Re: Review of current github code [Re: [GSoC] Designing a faster index format - Progress report week 6]

All of lore.kernel.org
 help / color / mirror / Atom feed

From: Thomas Gummerer <t.gummerer@gmail.com>
To: Thomas Rast <trast@student.ethz.ch>
Cc: git@vger.kernel.org, gitster@pobox.com, mhagger@alum.mit.edu,
	pclouds@gmail.com
Subject: Re: Review of current github code [Re: [GSoC] Designing a faster index format - Progress report week 6]
Date: Fri, 1 Jun 2012 16:49:02 +0200	[thread overview]
Message-ID: <20120601144902.GG6449@tgummerer> (raw)
In-Reply-To: <87pq9k8i4e.fsf@thomas.inf.ethz.ch>

On 05/31, Thomas Rast wrote:
> As far as 174fea4 goes: I think you could split it into two separate
> commits, one for the code movement (i.e., refactoring of a large chunk
> of read_index_from into read_index_v2_from), and a second one for the
> introduction of the separate header struct.  Other than that it looks
> good.

Thanks for your review. I rebased the commits now, 174fea4 is now
5eb9c21 and 946888d.
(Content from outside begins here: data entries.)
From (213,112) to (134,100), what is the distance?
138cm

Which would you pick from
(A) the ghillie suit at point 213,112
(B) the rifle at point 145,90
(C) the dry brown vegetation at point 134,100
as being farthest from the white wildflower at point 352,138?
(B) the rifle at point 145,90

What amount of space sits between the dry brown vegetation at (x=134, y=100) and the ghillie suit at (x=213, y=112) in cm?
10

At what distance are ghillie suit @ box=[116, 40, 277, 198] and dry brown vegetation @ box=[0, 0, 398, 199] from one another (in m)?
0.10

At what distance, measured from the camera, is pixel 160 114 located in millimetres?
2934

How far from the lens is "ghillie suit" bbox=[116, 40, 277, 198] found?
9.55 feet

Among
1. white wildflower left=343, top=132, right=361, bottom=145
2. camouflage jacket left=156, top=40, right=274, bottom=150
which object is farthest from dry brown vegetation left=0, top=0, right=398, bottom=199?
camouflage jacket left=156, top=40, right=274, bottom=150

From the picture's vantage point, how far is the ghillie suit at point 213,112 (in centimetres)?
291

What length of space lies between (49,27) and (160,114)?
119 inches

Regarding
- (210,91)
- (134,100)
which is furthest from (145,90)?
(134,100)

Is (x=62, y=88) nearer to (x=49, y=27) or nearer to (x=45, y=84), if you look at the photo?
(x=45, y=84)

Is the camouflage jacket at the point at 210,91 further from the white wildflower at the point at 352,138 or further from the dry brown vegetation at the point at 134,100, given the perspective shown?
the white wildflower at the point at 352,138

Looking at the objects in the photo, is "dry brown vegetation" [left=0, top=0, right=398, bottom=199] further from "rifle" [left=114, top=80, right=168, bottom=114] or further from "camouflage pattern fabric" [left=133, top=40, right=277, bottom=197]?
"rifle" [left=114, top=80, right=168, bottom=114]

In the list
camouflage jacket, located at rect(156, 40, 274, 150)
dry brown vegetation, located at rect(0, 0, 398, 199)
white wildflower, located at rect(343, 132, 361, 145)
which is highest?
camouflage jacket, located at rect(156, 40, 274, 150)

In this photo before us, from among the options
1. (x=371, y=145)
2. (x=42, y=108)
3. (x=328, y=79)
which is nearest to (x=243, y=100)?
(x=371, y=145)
There were also two commits to the python code,
which I moved previous of the refactoring commits. (210d1ff and b99fdf8)

> The rest would look like this:
> 
> >  cache.h                |  32 ++++-
> >  read-cache.c           | 315 ++++++++++++++++++++++++++++++++++++++++++++++---
> >  5 files changed, 334 insertions(+), 29 deletions(-)
> 
> The review follows, though note that as usual I have snipped all hunks
> where I didn't have anything to add:
> 
> > @@ -108,6 +108,13 @@ struct cache_header_v2 {
> >  	unsigned int hdr_entries;
> >  };
> >  
> > +struct cache_header_v5 {
> > +	unsigned int hdr_ndir;
> > +	unsigned int hdr_nfile;
> > +	unsigned int hdr_fblockoffset;
> > +	unsigned int hdr_nextension;
> > +};
> > +
> >  #define INDEX_FORMAT_LB 2
> >  #define INDEX_FORMAT_UB 4
> 
> Somewhat confusingly, the non-update to INDEX_FORMAT_UB is correct since
> that is only used by git-update-index to verify that a user request for
> the *write* format is valid, and we don't currently support writing v5.
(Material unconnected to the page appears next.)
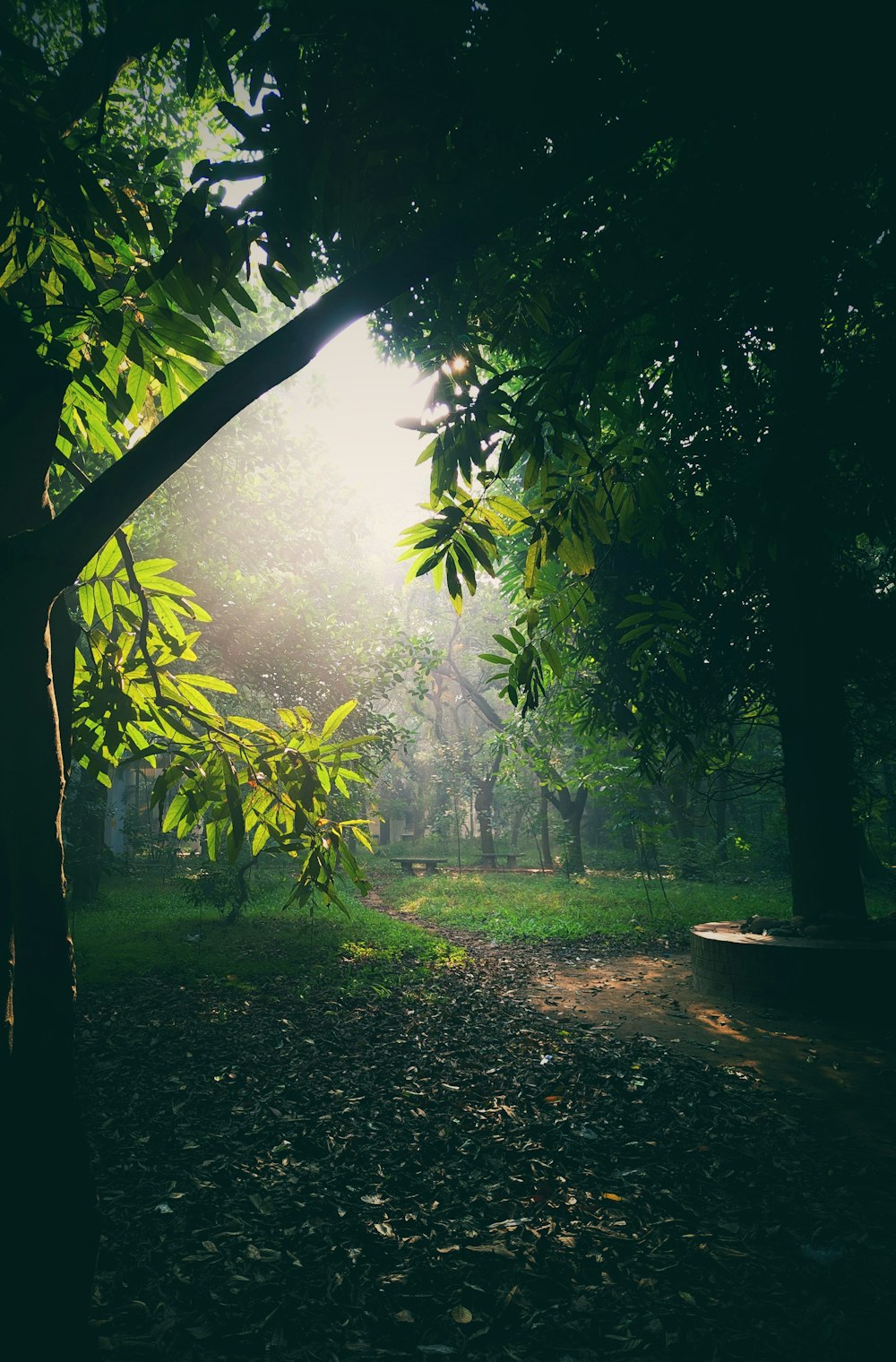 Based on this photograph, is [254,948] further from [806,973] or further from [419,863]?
[419,863]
I left them as they are, since they aren't used in the read code, so I
thought this would be fine.

> > @@ -132,11 +139,27 @@ struct cache_entry {
> >  	unsigned int ce_size;
> >  	unsigned int ce_flags;
> >  	unsigned char sha1[20];
> > +	int ce_stat_crc;
> 
> This should probably be an unsigned int for correctness.  The docs for
> zlib actually say it has type 'uLong', whatever that might mean.  Don't
> turn it into an unsigned long though, that would be 64 bits at least on
> x86_64 Linux.

I digged a bit in the git code, uint32_t seems to be the right way to
do it. (as in csum-file.h) I converted it to that for now.

> > +	unsigned int ce_namelen;
> 
> You are using this to hack around the issue that we dropped the name
> length out of the flags to save bits.  Perhaps it would be a nice
> cleanup to keep it in the struct "in the open", instead of having the
> odd ce_namelen() wrapper that amounts to a maybe-strlen.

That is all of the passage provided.